Before we can fit an LSTM model to the dataset, we must transform the data.

This section is broken down into three steps:

1. Transform the time series into a supervised learning problem
2. Transform the time series data so that it is stationary.
3. Transform the observations to have a specific scale.

### Transform Time Series to Supervised Learning

The LSTM model in Keras assumes that your data is divided into input (`X`) and output (`y`) components.

For a time series problem, we can achieve this by using the observation from the last time step (`t-1`) as the input and the observation at the current time step (`t`) as the output.

We can achieve this using the `shift()` function in Pandas that will push all values in a series down by a specified number places. We require a shift of `1` place, which will become the input variables. The time series as it stands will be the output variables.
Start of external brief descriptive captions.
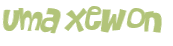 Sfida captcha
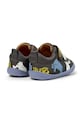 Мальчик Ботинки Camper Peu Cami FW TWS K800405.TWS зелёный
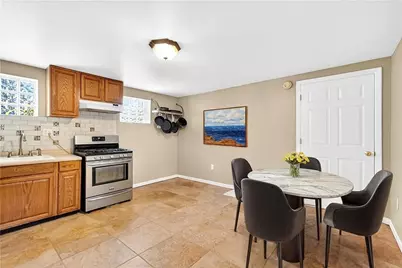 6 Browntown Road, Avella, PA 15312 - Photo 6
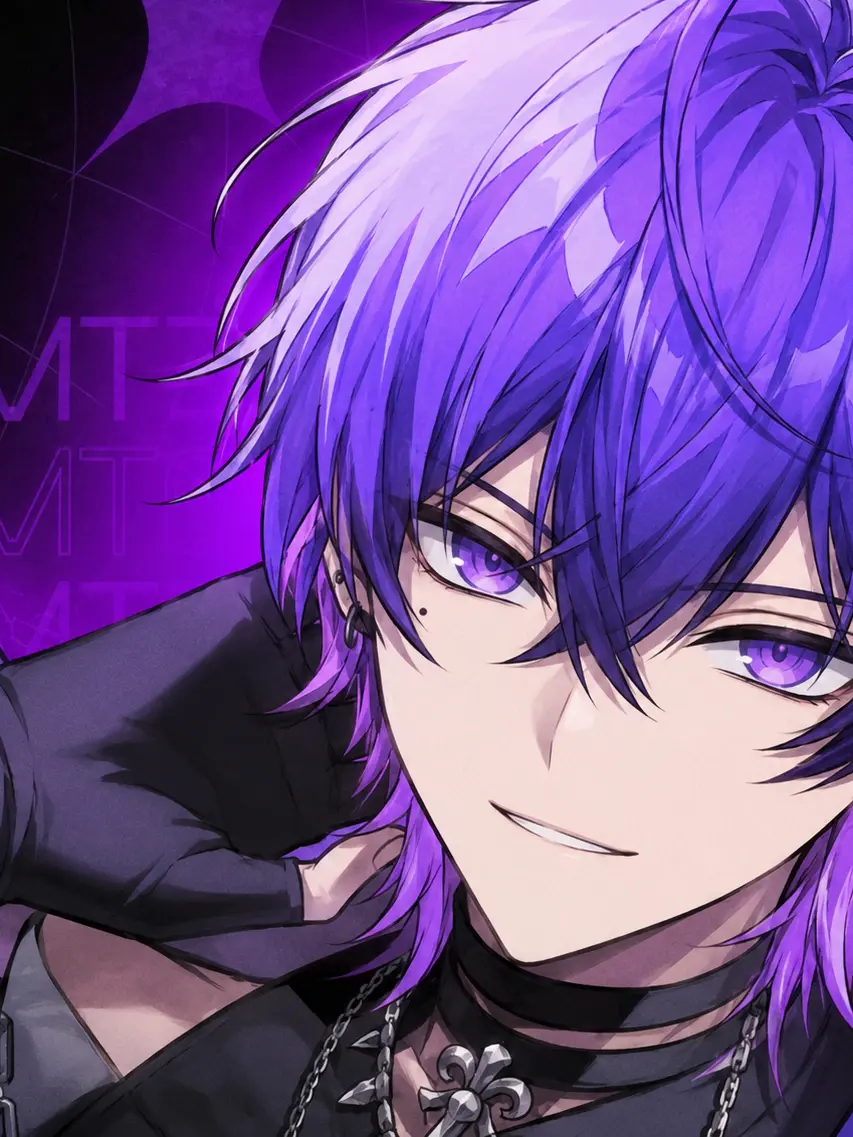 stpr_love_21370의 君 に 依 存 中 … ♡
We can then concatenate these two series together to create a DataFrame ready for supervised learning. The pushed-down series will have a new position at the top with no value. A `NaN` (not a number) value will be used in this position. We will replace these `NaN` values with `0` values, which the LSTM model will have to learn as *“the start of the series”* or *“I have no data here,”* as a month with zero sales on this dataset has not been observed.

The code below defines a helper function to do this called `timeseries_to_supervised()`. It takes a NumPy array of the raw time series data and a lag or number of shifted series to create and use as inputs.

In [None]:
# frame a sequence as a supervised learning problem
def timeseries_to_supervised(data, lag=1):
	df = pd.DataFrame(data)
	columns = [df.shift(i) for i in range(1, lag+1)]
	columns.append(df)
	df = pd.concat(columns, axis=1)
	df.fillna(0, inplace=True)
	return df

We can test this function with our loaded Shampoo Sales dataset and convert it into a supervised learning problem.

The code prints the first 5 rows of the new supervised learning problem.

In [None]:
# transform to supervised learning
X = series.values
supervised = timeseries_to_supervised(X, 1)
print(supervised.head())

### Transform Time Series to Stationary

The Shampoo Sales dataset is not **stationary**. This means that there is a structure in the data that is dependent on the time. Specifically, there is an increasing trend in the data.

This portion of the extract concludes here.